First industry associations like SAMRA and PRISA jumped in to offer marketers without a home, a place to call their own - and were roundly criticised for their opportunism.
Now the IWF (Industry Wide Forum) and the Services SETA are both claiming to represent the industry in forming new associations.
In a press statement issued last week, the IWF said representatives of the media and advertising industries would initiate a process to establish a substitute body that will perform the functions of the defunct Marketing Industry Federation of Southern Africa (MFSA). This initiative fits in with the intention of the IWF to hold an indaba in 2006 where all the role players in the industry, including Government, will be brought together to discuss the principles of advertising regulation and to determine the ownership of these principles and to ensure a unified vision in respect of these principles for the future.

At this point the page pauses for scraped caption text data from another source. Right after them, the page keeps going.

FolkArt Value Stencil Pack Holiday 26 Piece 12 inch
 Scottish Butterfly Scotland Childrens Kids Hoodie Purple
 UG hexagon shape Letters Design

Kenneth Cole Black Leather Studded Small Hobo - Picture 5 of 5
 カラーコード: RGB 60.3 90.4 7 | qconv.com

The marketing, media and advertising industries are signatories to an agreement - the Master Agreement - which has as prime object the financing of the South African Advertising Research Foundation (SAARF) and the Advertising Standards Authority(ASA). The Master Agreement also established the Industry Wide Forum (IWF), a forum of all the presidents of the organization in the marketing, media and advertising industries.

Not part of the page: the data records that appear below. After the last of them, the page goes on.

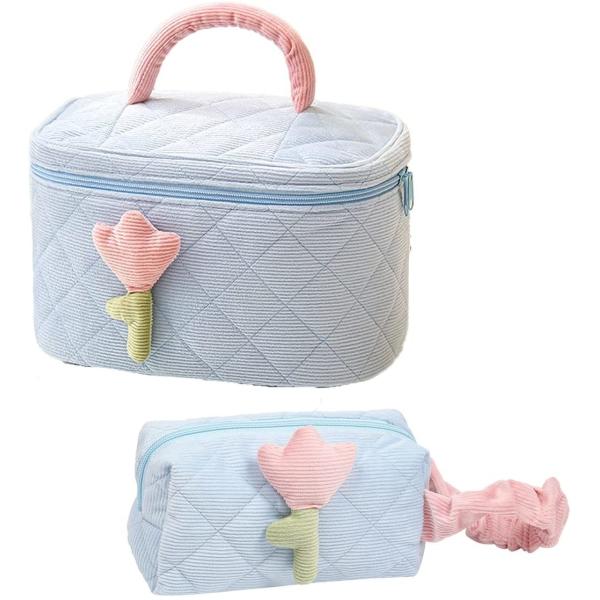 Soft Corduroy Makeup Bag Set Makeup Bag Organizer Bag  Large Shock-proof Cute Makeup bag Suitable for la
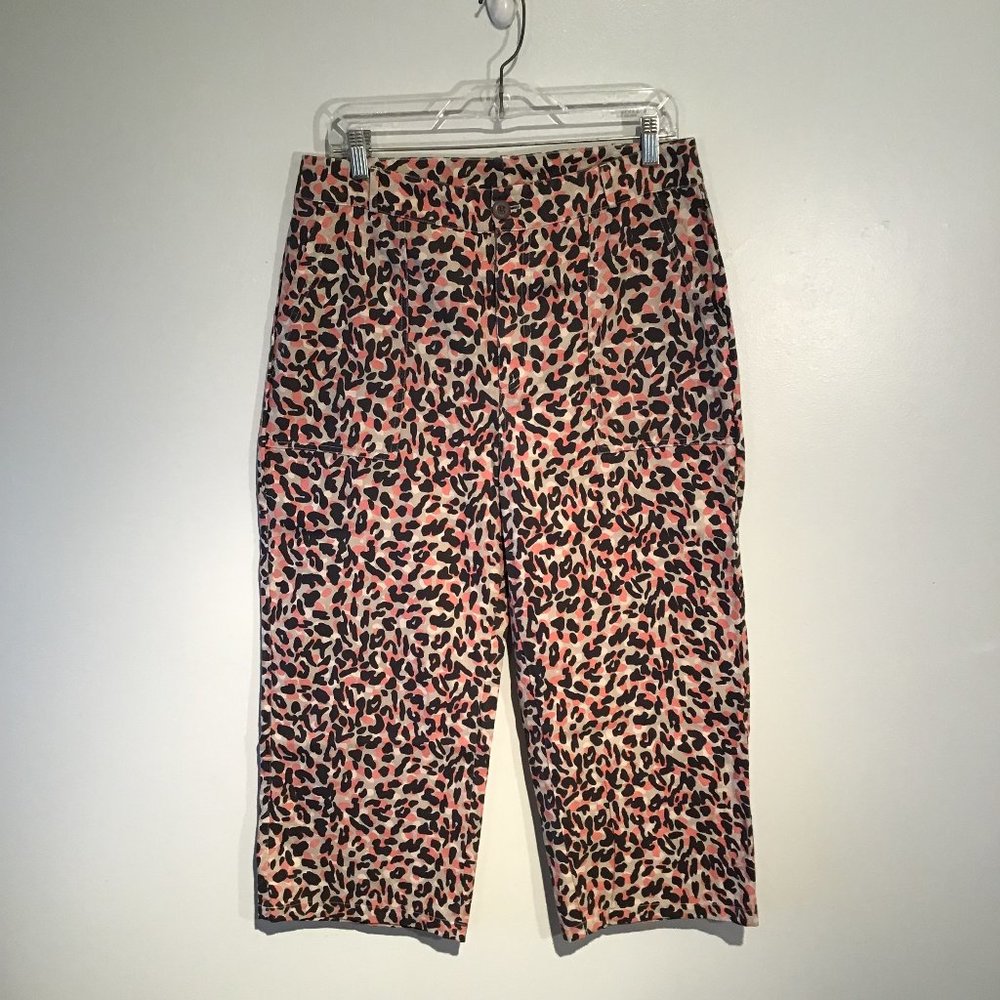 Monrow Animal Print Wide Leg High Rise Cropped Pants Size L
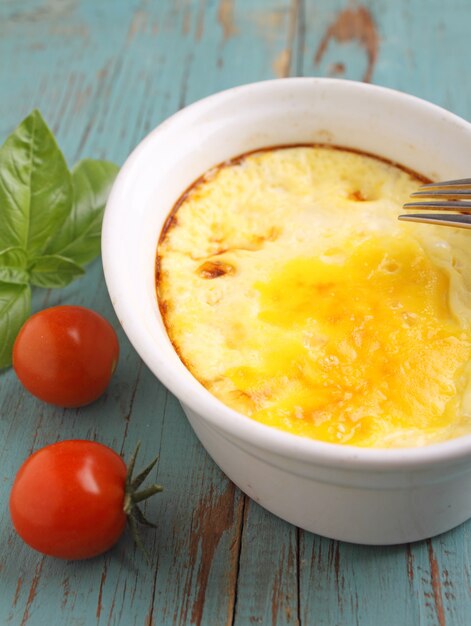 Batata gratinada e abóbora com leite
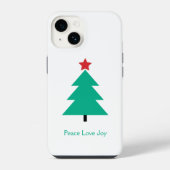 Peace Love Joy Kerstboom  iPhone Hoesje (Achterkant)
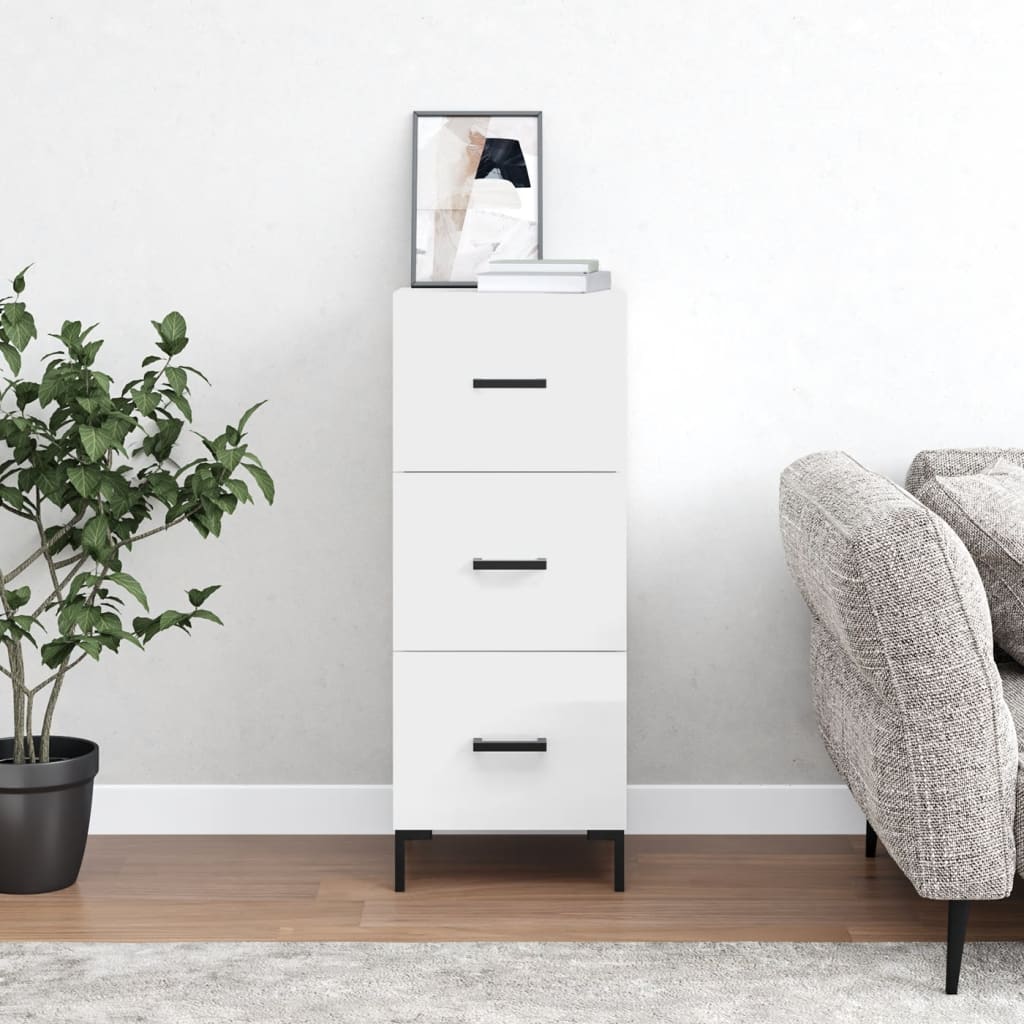 Side cabinet, white, 34.5x34x90cm, engineered wood, high gloss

But in its report back from a meeting held a week ago, the Services SETA claims that following an open meeting, facilitated by the Services SETA, representatives of the marketing, advertising and public relations and communication management industries agreed on a possible way forward that would bring fragmented sectors closer together.
The general consensus was that an overarching communication alliance should be discussed. This alliance would bring together what could be termed the whole communication sector, including all marketing sectors, all advertising, as well as all aspects of public relations and communication management.
Those present volunteered to take part in six small working groups to draw up initial plans. They agreed to reconvene early in November to present practical proposals to the whole group and obtain consensus on the way forward.
The working groups will discuss the following:
A small working group was also suggested at the Services SETA meeting to develop a model for the broadly representative communication alliance with equal partners.
The ever-vocal marketing analyst and industry veteran, Chris Moerdyk, calls it a shambles!
"It seems to me that the country's communicators are quite incapable of communicating. Other industries must really be laughing themselves silly as they watch marketers running around like chickens without heads, frenetically forming representative bodies right left and centre. It is this sort of mindless knee-jerk reaction and confused communication that crippled the MFSA. It really is sad to see such lack of co-ordination and co-operation in the marketing sector," Moerdyk said.